Ayat. (Mzm 119:9-14)
1. Bagaimana kaum muda mempertahankan hidupnya tanpa cela? Dengan mengamalkan firman-Mu.
2. Dengan segenap hatiku aku mencari Engkau, jangan biarkan aku menyimpang dari perintah-Mu.
3. Dalam hatiku aku menyimpan janji-Mu, supaya aku jangan berdosa terhadap Engkau.
4. Terpujilah Engkau, ya Tuhan; ajarkanlah ketetapan-ketetapan-Mu kepadaku.
5. Dengan bibirku aku menceritakan segala hukum yang Kauucapkan.
6. Aku bergembira atas peringatan-peringatan-Mu, melebihi segala harta.

Bait Pengantar Injil
Ref. Alleluya
Ayat. Domba-domba-Ku mendengar suara-Ku, sabda Tuhan. Aku mengenal mereka, dan mereka mengikuti Aku. Alleluya.
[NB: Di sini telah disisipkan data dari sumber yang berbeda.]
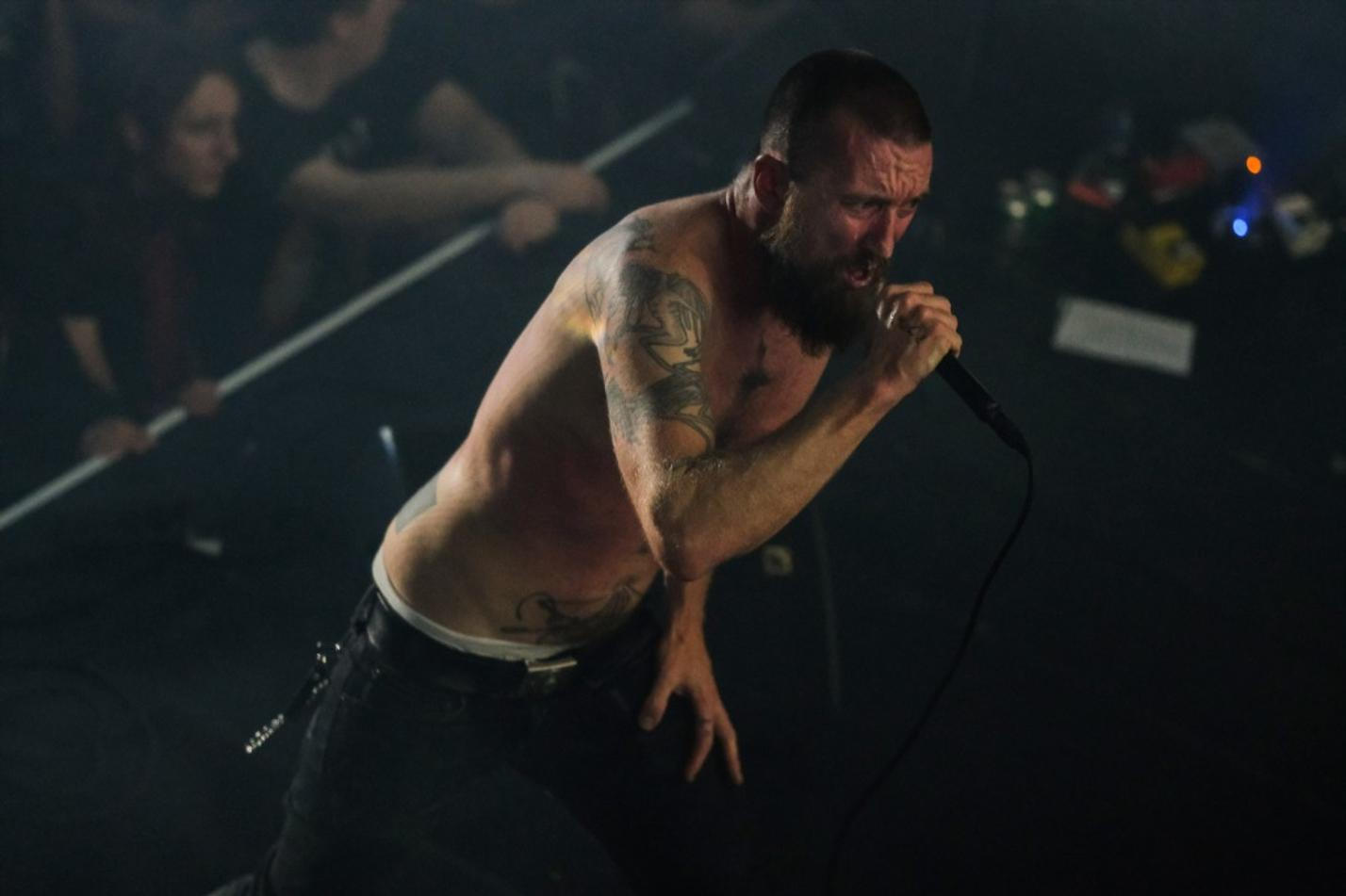 Amenra10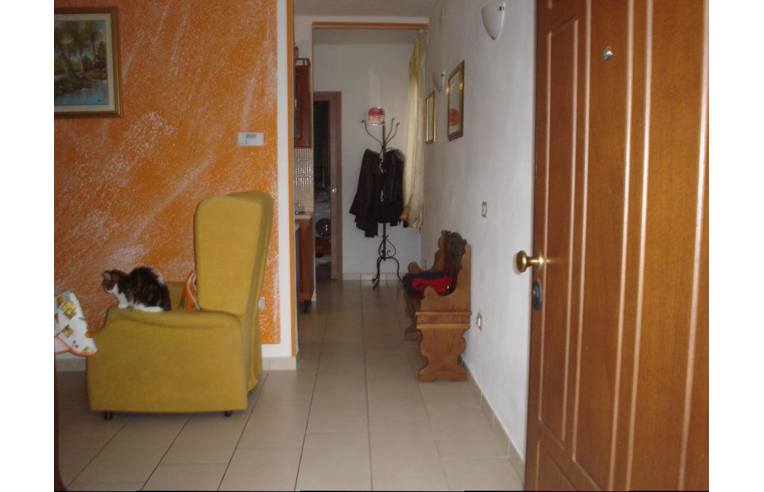 casa indipendente in vendita a Poggio a Caiano in zona Poggetto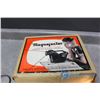 Image 2 : Vintage Magnajector in Original Box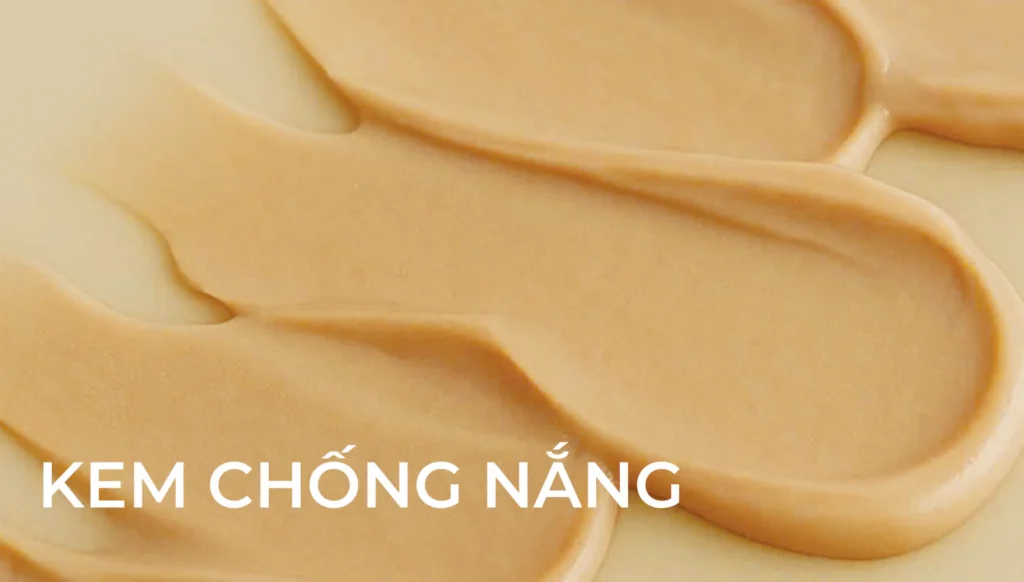 gempages 559568856163550013 ef42e63e 2737 4417 8d0c 5e61dee3f972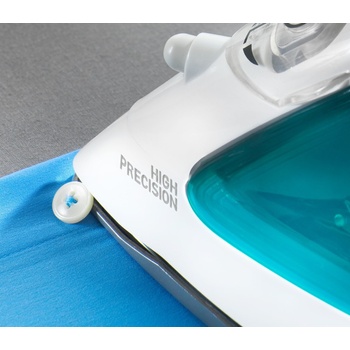 Tefal Easygliss FV3910E0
Kesibukan yang padat menuntut waktu istirahat. Yesus merencanakan pergi ke tempat sunyi, sendirian dan beristirahat. Namun tuntutan untuk istirahat luluh oleh rasa belas kasih yang intens akan kehausan rohani umat yang mencari-Nya. Waktu pribadi tak harus diterapkan secara kaku, bukan?

Inilah Injil Yesus Kristus menurut Markus (6:30-34)

Pada waktu itu Yesus mengutus murid-murid-Nya mewartakan Injil. Setelah menunaikan tugas itu mereka kembali berkumpul dengan Yesus dan memberitahukan kepada-Nya semua yang mereka kerjakan dan ajarkan. Lalu Yesus berkata kepada mereka, “Marilah kita pergi ke tempat yang sunyi, supaya kita sendirian, dan beristirahatlah sejenak!” Memang begitu banyaknya orang yang datang dan pergi, sehingga makan pun mereka tidak sempat. Maka pergilah mereka mengasingkan diri dengan perahu ke tempat yang sunyi. Tetapi pada waktu mereka bertolak banyak orang melihat, dan mereka mengetahui tujuannya. Dengan mengambil jalan darat segeralah datang orang dari semua kota ke tempat itu dan mereka malah menahului Yesus. Ketika mendarat, Yesus melihat jumlah orang yang begitu banyak. Maka tergeraklah hati-Nya oleh belas kasihan kepada mereka, karena mereka seperti domba yang tidak mempunyai gembala. Lalu mulailah Yesus mengajarkan banyak hal kepada mereka.
Demikianlah Injil Tuhan.
U. Terpujilah Kristus.

Renungan

Yesus mengajak para murid-Nya untuk pergi ke tempat yang sunyi supaya mereka sendirian. Dia mau bercakap-cakap dan mengajar banyak hal kepada mereka tentang Kerajaan Allah. Ajaran-Nya berkaitan dengan kuat kuasa-Nya untuk melakukan mukjizat dan semuanya itu mendatangkan rasa kagum dari orang banyak. Hati Yesus tergerak oleh belas kasihan kepada orang banyak. Yesus tahu bahwa mereka membutuhkan seorang gembala. Kita pun diundang untuk selalu datang kepada Yesus dan mendengarkan pengajaran-Nya.

Doa Malam

Bimbinglah kami, ya Tuhan Yesus, dalam memilih prioritas hidup agar mampu memberi tempat utama untuk kehadiran-Mu dan berani melepaskan belenggu-belenggu cinta diri. Berilah istirahat yang tenang pada malam ini ya Tuhan, dan hantarkan kami kepada hari baru besok. Amin.